Нет, вот именно одну дорожку — и как-нибудь незаметно смыться. Не тут-то было. Манфред стоит у двери и, более чем одобрительно оглядывая мое бренное тело, еще издали показывает мне «зайчика». Понятно, вот человек, который мог бы, скажем, питаться одними маслинами, притом только черными. Дай ему волю, он бы поглощал черные маслины лопатами. Беда в том, что живет он в местности, где это не принято. Иными словами, я представляю для этого бедолаги «его физический тип». Моя заколка, видимо, утонула, и теперь длинные волосы, размотавшись и разметавшись, медузообразно облепляют, как называют это дерматологи, «открытые участки кожи». Ни и как вассер? Ха-ха-ха-ха. Гут? — Зеер гут, говорю я, переступая ногами в лужице и понимая, что сейчас — разумеется, в рамках политкорректности — должен пройти какой-то натуральный обмен: у него вассер, а что у меня? И обмен происходит: шёйнес, шёйнес метхен! — с чувством говорит он и, явно не сумев более сдерживать граблевидные свои руки, слегка хлопает меня по предплечью. Я улыбаюсь во весь широкий формат. Слегка кивнув, направляюсь к кабинкам. Бис морген! Бис морген! Ауфвидерзейн! Чу-ус!..

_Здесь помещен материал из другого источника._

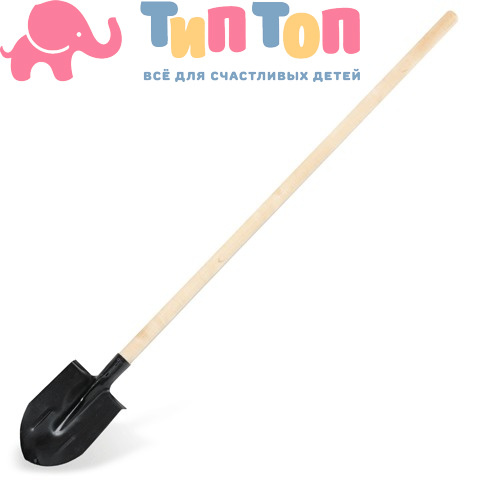 Лопата штыковая 20х28,5 см, с ребрами жесткости, высота 145 см, деревянный черенок, КМ000882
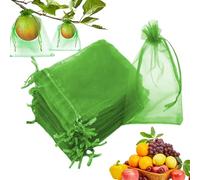 Grape Protection Bags - 100pcs Fruit Protector Fruit Net Cover With Drawstring | Fruits Netting Bagss | Fruits Net Covers Drawstring Grape Protection Bag | Mesh Bag Green Netting Cover Bags Portable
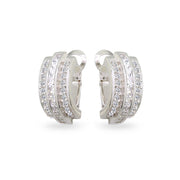 Sterling Silver Cubic Zirconia Three Row Channel-Set Clutchless Small J-Hoop Earrings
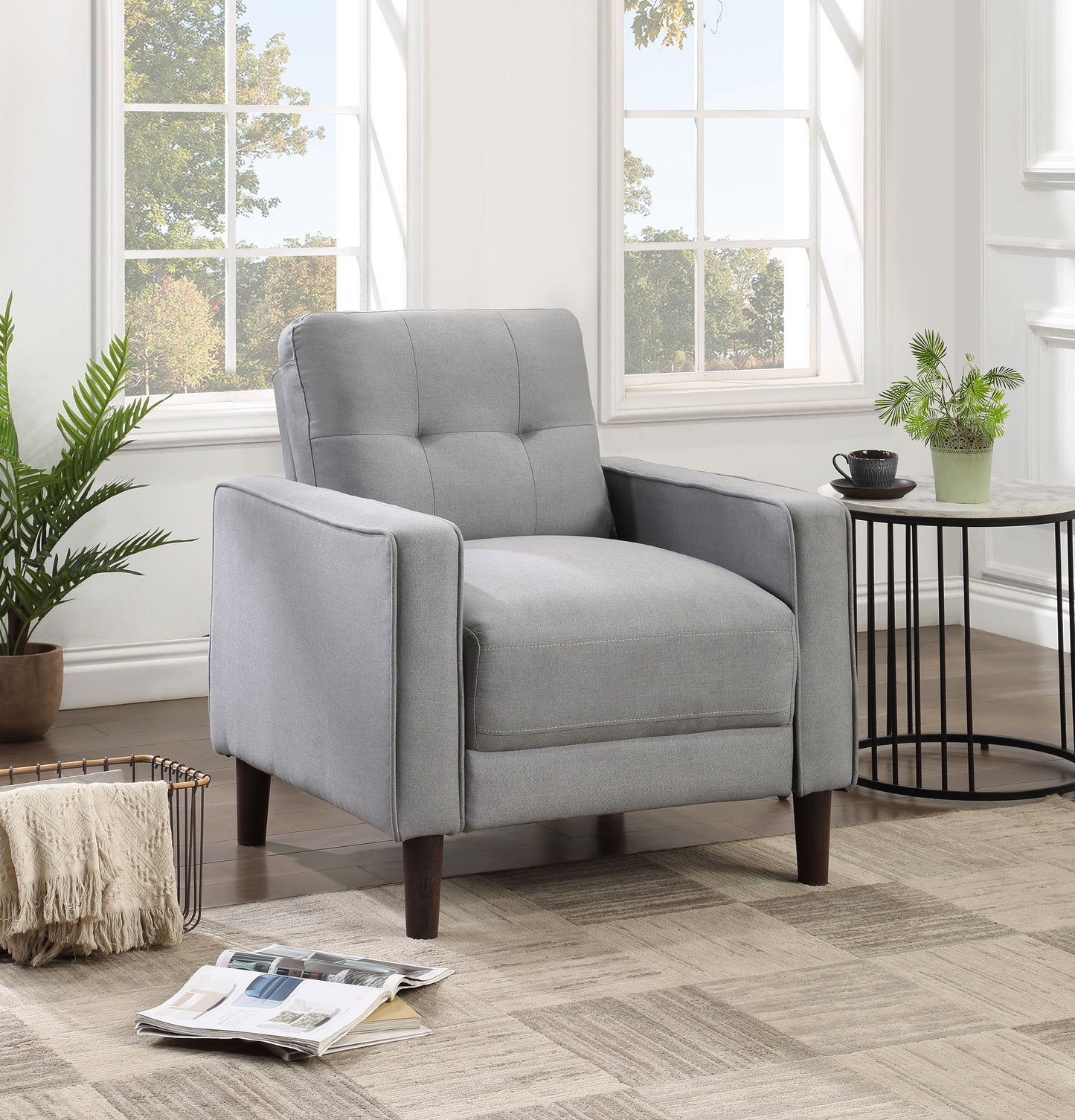 loannis upholstered track arm tufted accent chair greygrey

…Снаружи, несмотря на луну, после яркого холла кажется темно — с непривычки я теряю направление. Приходится вернуться к освещенному зданию. В это время из дверей бассейна выходит Манфред. Скрытая тенью дерева, я вдруг отчетливо вижу, что у него усталая, осевшая, какая-то уже полностью и безоговорочно капитулировавшая фигура. Я вхожу в пятно лунного света, Манфред видит меня.
Девять тридцать вечера. Городок абсолютно пуст. Возле большого платана горит фонарь, освещая подновленный к весне указатель: «Zum Neuen Friedhof». Узнав меня, Манфред как-то теряется. Вся его фигура выражает то, что век назад называли смущением. Ничего, думаю я, сейчас юркнет в авто, как страус под крыло, и ни мне, ни ему, к обоюдному облегчению, не придется насиловать мимическую мускулатуру, равно как и голосовые связки. Но нет… Он медленно направляется к Новому кладбищу — туда, собственно говоря, куда надо и мне, — при этом продолжая поглядывать на меня вполоборота, словно придерживая дверь…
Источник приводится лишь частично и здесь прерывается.